一個生命就是一個宇宙,就是一個天地造化精心孕育並囊括了所有想像力和創生機能的全息系統,是故其原生品質中便自發形成抗拒一切外在於本身倫理之外的社會改造和後天性的技術移植,即便是看起來具有嚴謹的求實精神,抑或被認定為符合生物「優化選擇機制」的科學發展觀,在具體的實踐過程中也常常出現正向預期與結果反向逆行的嚴重悖謬。

所以,只要還有一息尚存並依然承續著、連綿著生命灼熱的悸動,我們便無需標榜「正確」的社會觀念和偽真理的教化與修正,甚至也無需經驗或事實的刻意論證求解,僅僅憑藉直覺,憑藉「我思故我在」的事實,即可以體悟到生命意識中溫馨的眷顧和真切的記憶,體驗到心靈內在的奔突並時時有向外的張望!

這不僅拓展了個體生命外延無限的意義空間,也使我們感知到自己與外部世界休戚與共的關聯性,進而自動生成體己度人的謙讓與關切,不苟且不跋扈、不同態復仇,始終秉持著一種端肅、一種敬畏,而後「同舟共濟」合力將阻止生命正向發展的敗血因子消解清除,讓每個人意識到自己的命運處境與其存在的所有維度都具有機能上的同構性,所以需要相互依存,需要彼此寬容和認同,從而感恩於紅塵際遇中所有的世故風情,陶然於個人靈性與萬物同生共度的喜怒哀樂,為天地「立心」、為生民的處境改善和人的榮譽回歸重新奠基加冕。
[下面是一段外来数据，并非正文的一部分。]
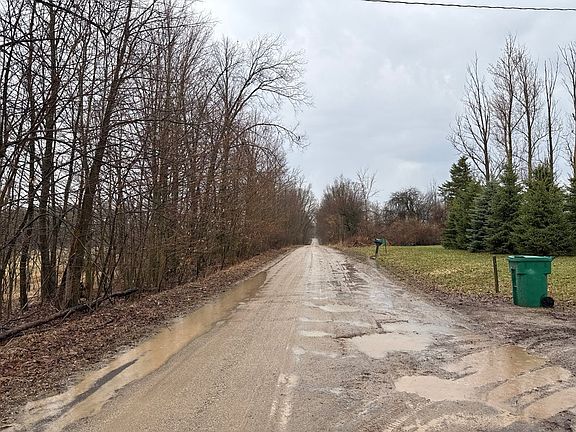 4th image of 10640 N Rolland Rd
曾幾何時,我們總是迷戀於「科學主義」無所不用其極的偏執與霸道,總是受制於原慾崇拜和唯物至上論的蠱惑與教唆,致使在有關人的定位與價值遵從上總是不知所云地隨大流、跟「主題」,猶如臨風游弋的無根葉子被裹挾著、驅策著,在歷史輪迴波雲詭譎的荒誕情態之中進行「無意識」的滑稽表演,要麼趨炎附勢協從各種極端主義無故詆譭造化所賦予人的天性,將人邪靈化、妖魔化從而衍生出一場場毀人自義的慘劇鬧劇;要麼袖手旁觀縱容人的自戀和迷狂,讓暴力四處張揚並主宰著我們的心性,然後目空一切「上窮碧落下黃泉」地開發、征服和掠奪,被庸俗政治經濟學和泛「相對主義」一路裹挾並導向形而下的生存盲區,最終自動摒棄「絕對理性精神」和道德信念對人類生活的疏導與啟示作用,一次次聽命於強勢者的「主觀能動性」對人的本位進行惡意的社會「變性」和錯置,從而形成一種僅僅基於利益博弈和力量對抗的病變性異化社會生態,使得人與人之間的對話與合作由於內在自律性道德的缺席而越發緊張且衝突不斷,因而便只能倚重冷態的律法和契約懲誡對人進行強制規訓,以此維持一種徒具文明外殼而無內在激勵機能的非自願性「和諧」社會關係。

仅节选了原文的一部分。